下の吸放湿の模式図 を見ていただければ、吸放湿する材の周囲は他の部分より湿度があがり実際湿気量もおおくなるイメージが湧くと思います。
実際は分子レベルの話なのでこの図の布団のイメージは間違いである。
「緑の家」が吸放湿材を積極的に使わない理由が実はここにあります。
吸放湿材とカビは表裏一体で、最強の吸放湿材のデシカ(ダイキンさんの除加湿器)の素子は防カビ剤で完璧に守られており、この防カビ剤効力がなくなるとカビが生えるといわれております。これはデシカだけでなくほとんど吸放湿材はそうなります。
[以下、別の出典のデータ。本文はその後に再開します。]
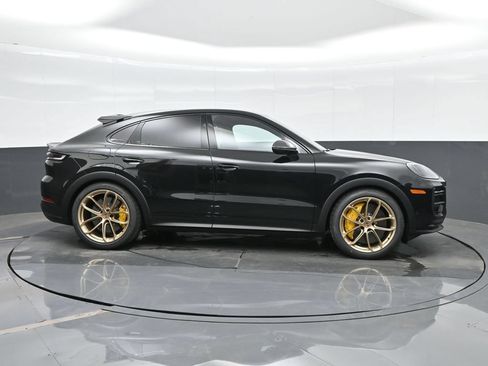 New 2026 Porsche Cayenne Turbo GT AWD/4WD image 10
「えっでも昔の土壁や杉などは吸放湿材でつかわれているよ」
と思われた方・・・よい想像力です。
土壁の表面は何でできていますか?土壁のほとんどは漆喰で塗られており、漆喰は強アルカリ性でカビの発芽や増殖を防いでおります。これはコンクリートと同じですね。
杉は材のもつ防カビ剤がある期間は強力にカビを防ぎますが、ある一線を越えるRH(相対湿度)90%以上が続くとやはりカビは急に生えます。
下は事務所の今年乾燥させ中のミカンで、ヒバの木の上において失敗した例です。
ミカンから常時放出され続ける湿気で机の木がかびだらけ・・・。ミカンが吸放湿材になったのですね。
上のグラフは「緑の家」以外の基礎断熱M邸です。一方下のグラフは「緑の家」でも特に湿度管理に重要ポイントをおいた家のRH(相対湿度)の変化です。
これならカビとは完全に無縁の世界で、なんとRH(相対湿度)40%台とまるでデシカをつかったようなRH(相対湿度)です。
特殊なエアコン稼働状況とはいえこの時期に普通のエアコンだけでこのRH(相対湿度)とは見事の一言。
あまりにも説明することが多くて、その4でお約束した・・・
「この押し入れのカビ防止は昔からある方法がとられており、それによってカビ害を防止しておりました。これはその⑤で説明します。」
はその6に続きます。
しかしとにかく新潟県の環境では夏季(梅雨時)の通風はカビの発生を多くするということが理論的にわかったのではないでしょうか。
「緑の家」は事務所設立から19年間、通風を薦めたことがありません。これは当HPを見ていただければわかります。30年以上も暮らす住宅で大事なことは、今のことでなく過去からお伝えしていることが一貫しているかということです。